Dans ce roman au titre un peu énigmatique, tout va vite, très vite. Une manifestation d’étudiants à Iguala, au Mexique, en 2014. Une répression d’une violence inouïe. Des corps mutilés, massacrés. Après cinquante pages centrées sur le personnage d’Alvaro, professeur passionné d’informatique qui fuit le carnage, de multiples bifurcations proposent tout un réseau de destinées à des époques et dans des lieux différents. 

Et c’est avant tout du corps dont il s’agit au fil de ces pages qui l’explorent  et le relient à l’Histoire du XXème et du XXIème siècles. Corps anéanti par les dictatures et les guerres, corps transformé pour changer de genre, corps moyen de survie et de jouissance, corps amélioré pour assouvir les fantasmes les plus fous - notamment ceux de milliardaires peu scrupuleux prêts à tout pour le rendre immortel…

Points forts

- Une tension dramatique soutenue.

- Un roman riche, très documenté dans des domaines divers.

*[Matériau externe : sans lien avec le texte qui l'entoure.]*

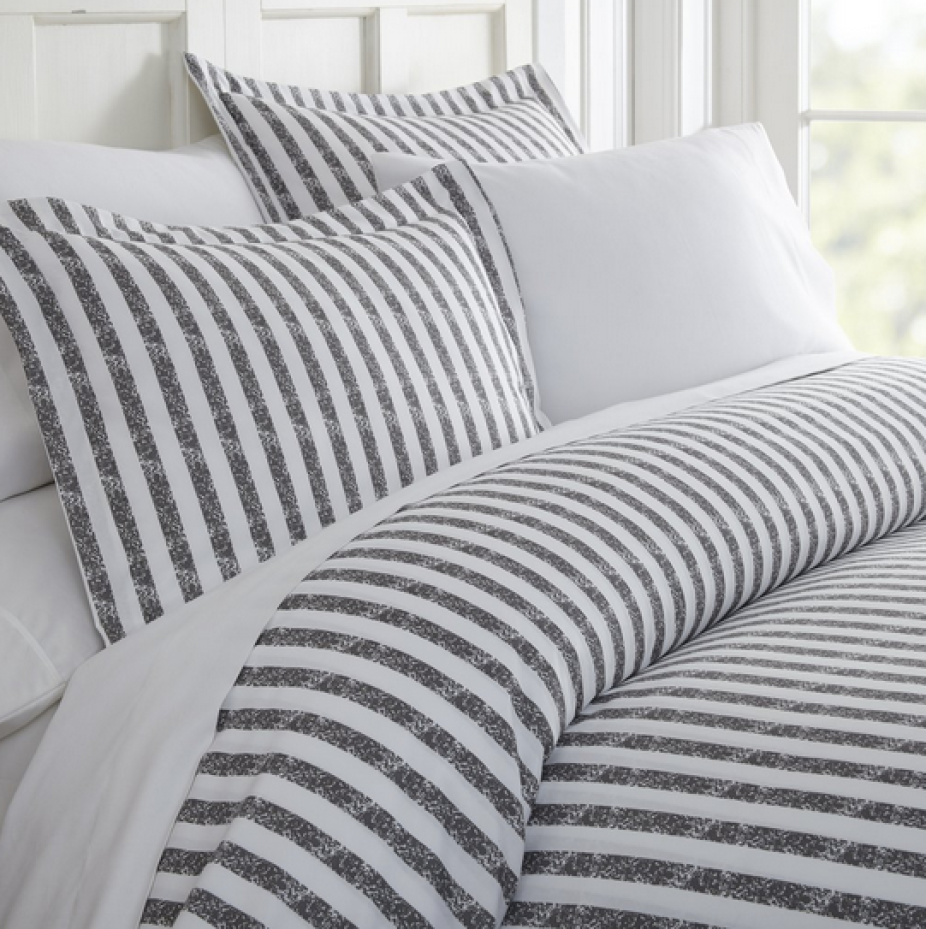 Queen bed featuring gray striped Linens & Hutch Duvet Cover Set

- Une écriture qui varie selon les sujets traités, et ils sont nombreux ! Particulièrement poétique dans la description de l’infiniment petit, elle peut aussi se faire réaliste ou épique.

Quelques réserves

On peut avoir l’impression de se perdre dans toutes les ramifications du récit, mais c’est ce qui à mon sens donne force et originalité au propos.

Encore un mot...

Comme sur le Web, le lecteur voyage sans transition dans l’espace et le temps. Le roman part toujours là où on ne l’attend pas ; les mots, eux, sonnent toujours juste, qu’ils évoquent le camp de Treblinka ou l’univers aseptisé de la Silicon Valley. Impossible de résumer cet ouvrage foisonnant, surprenant, captivant, qui sait autant nous faire vibrer que réfléchir aux dictatures d’hier et –parfois invisibles- d’aujourd’hui. Une folle cavale qui ne se contente pas de mêler réel et fiction, mais qui introduit aussi brillamment une autre dimension, celle du virtuel.

Une phrase

Ou plutôt trois, que l’on peut voir comme des clés de lecture de l'oeuvre :

- « Le monde n’a pas de centre, le monde est un réseau infini de données » P.174

- « Si j’écrivais un roman (…) je le construirais ainsi, en rhizome, en archipel, figures libres, interconnexions, hypertextes, car ça devrait être le fondement du récit contemporain ». P.184

- « Pour la première fois de l’histoire de l’humanité, la réalité et sa représentation ont coïncidé. Jusqu’alors, seul le réel lui-même était multiple, profus, multidimensionnel, ouvert, dilaté, quand sa représentation, aussi profonde et dense soit-elle, demeurait plane, fixée, à échelle réduite. » P.233

L'auteur

Né en 1982, Pierre Ducrozet a reçu le Prix de la Vocation 2011 pour son roman « Requiem pour Lola rouge »,  récit d’une fuite perpétuelle de l’étouffante réalité.  « La Vie qu’on voulait » en 2013 est l’histoire d’un groupe de cinq jeunes qui avaient vingt ans en l’an deux mille et rêvaient d’une vie intense. En 2015, dans une autre épopée contemporaine, « Eroica » , il a fait de l’artiste Jean-Michel Basquiat un personnage de fiction. 

« L’Invention des Corps » vient d’être récompensé par le Prix de Flore (ex aequo avec « Paname Underground », de Johann Zarca).